Longitudinal tracking of intrabreath respiratory impedance in preschool children
Longitudinal tracking of intrabreath respiratory impedance in preschool children

Longitudinal tracking of intrabreath respiratory impedance in preschool children

Pediatr Pulmonol. 2024 Apr 1. doi: 10.1002/ppul.26994. Online ahead of print.

ABSTRACT

BACKGROUND: Longitudinal measurements of intrabreath respiratory impedance (Zrs) in preschool-aged children may be able to distinguish abnormal lung function trajectories in children with a history of wheezing compared to healthy ones.
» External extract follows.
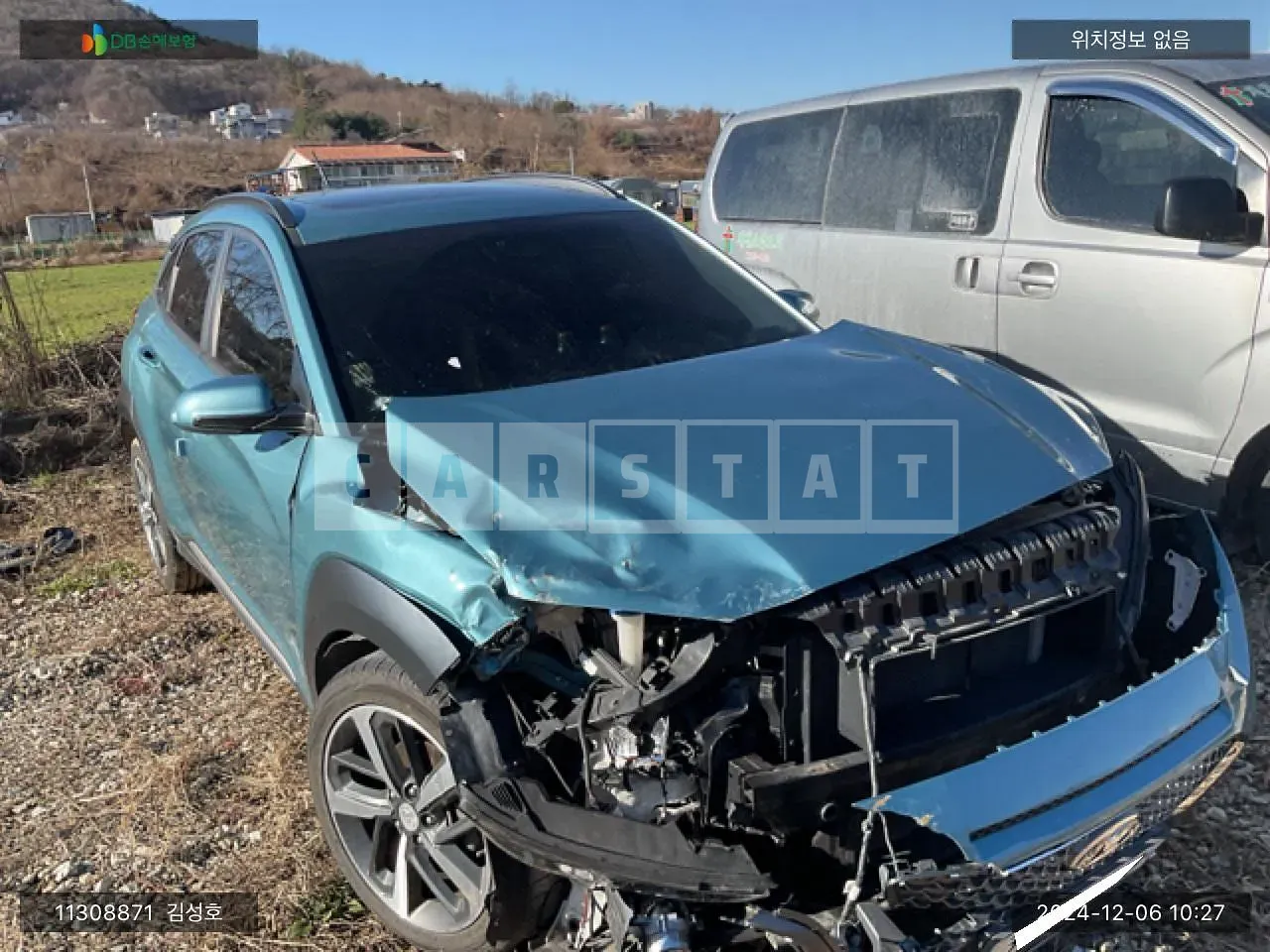 Photo 2 of 12: 2017 Hyundai Kona, VIN KMHK3816GJU021482 — Korean insurance auction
METHODS: Children from a prospective, longitudinal community-based cohort performed annual intrabreath oscillometry (IB-OSC) measurements from age 3- to 7-years. IB-OSC was performed using a single 10 Hz sinusoid while clinically asymptomatic. Linear mixed-effects models were developed to explore the effects of wheezing phenotypes, growth, and sex on seven IB-OSC outcome variables over time: resistance at end-expiration (ReE), resistance at end-inspiration (ReI), the tidal change in resistance (∆R=ReE-ReI), reactance at end-expiration (XeE), reactance at end-inspiration (XeI), the tidal change in reactance (∆X=XeE-XeI), and ∆X normalized by tidal volume (∆X/VT).
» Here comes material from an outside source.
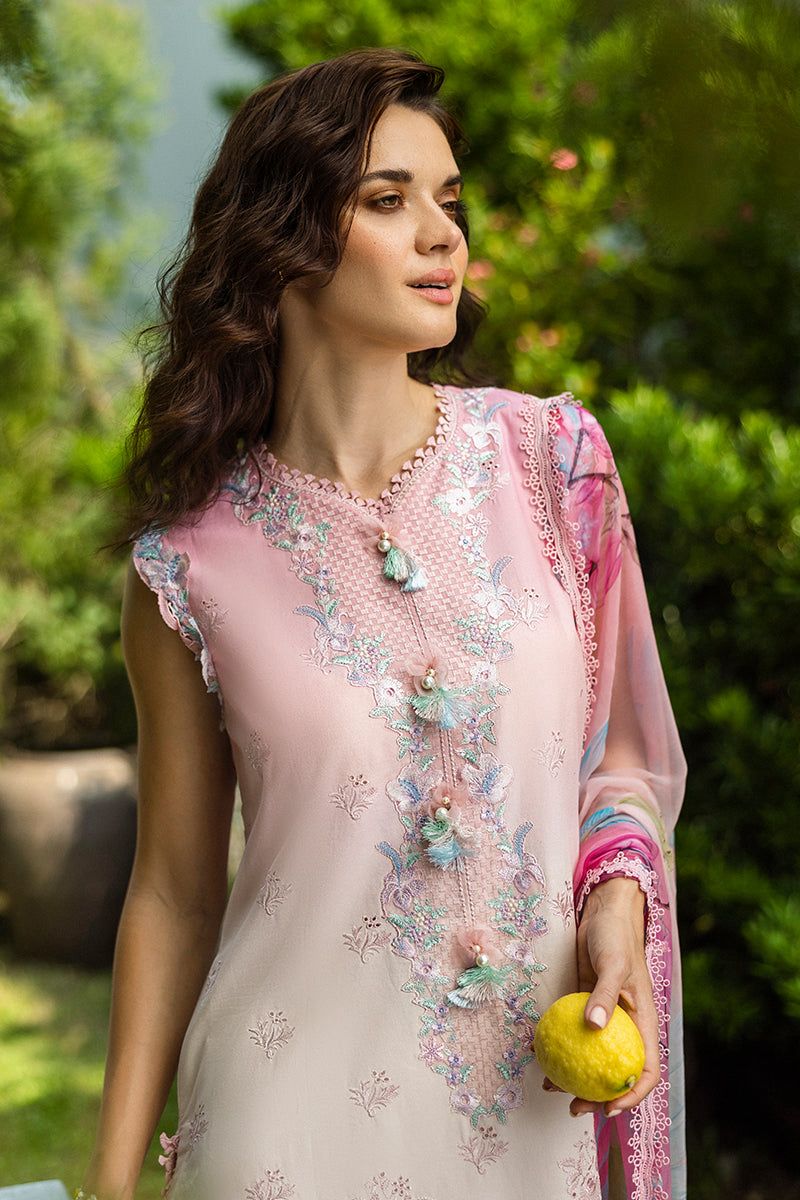 Mushq Chikankari Lawn Collection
RESULTS: Eighty-five children produced 374 acceptable IB-OSC measurements. Subjects were classified into one of three wheeze groups: never (n = 36), transient (n = 34), or persistent (n = 15). After adjusting for height, children with persistent wheezing, compared to those who never wheezed, had +0.814 hPa s L-1 ReE (95% confidence interval [CI] +0.178 to +1.451, p = 0.015), -0.792 hPa s L-1 XeE (95% CI -1.203 to -0.381, p = 0.003), -0.538 hPa s L-1 ∆X (95% CI -0.834 to -0.242, p = 0.007) and -1.672 hPa s L-2 ∆X/VT (95% CI -2.567 to -0.777, p < 0.001). Increasing height had a significant effect on all IB-OSC resistance and reactance variables when adjusted for the effect of preschool wheezing.

CONCLUSIONS: IB-OSC is feasible for tracking lung function growth in preschool-aged children and may allow abnormal lung function to be identified early in asymptomatic preschoolers with a history of persistent wheezing.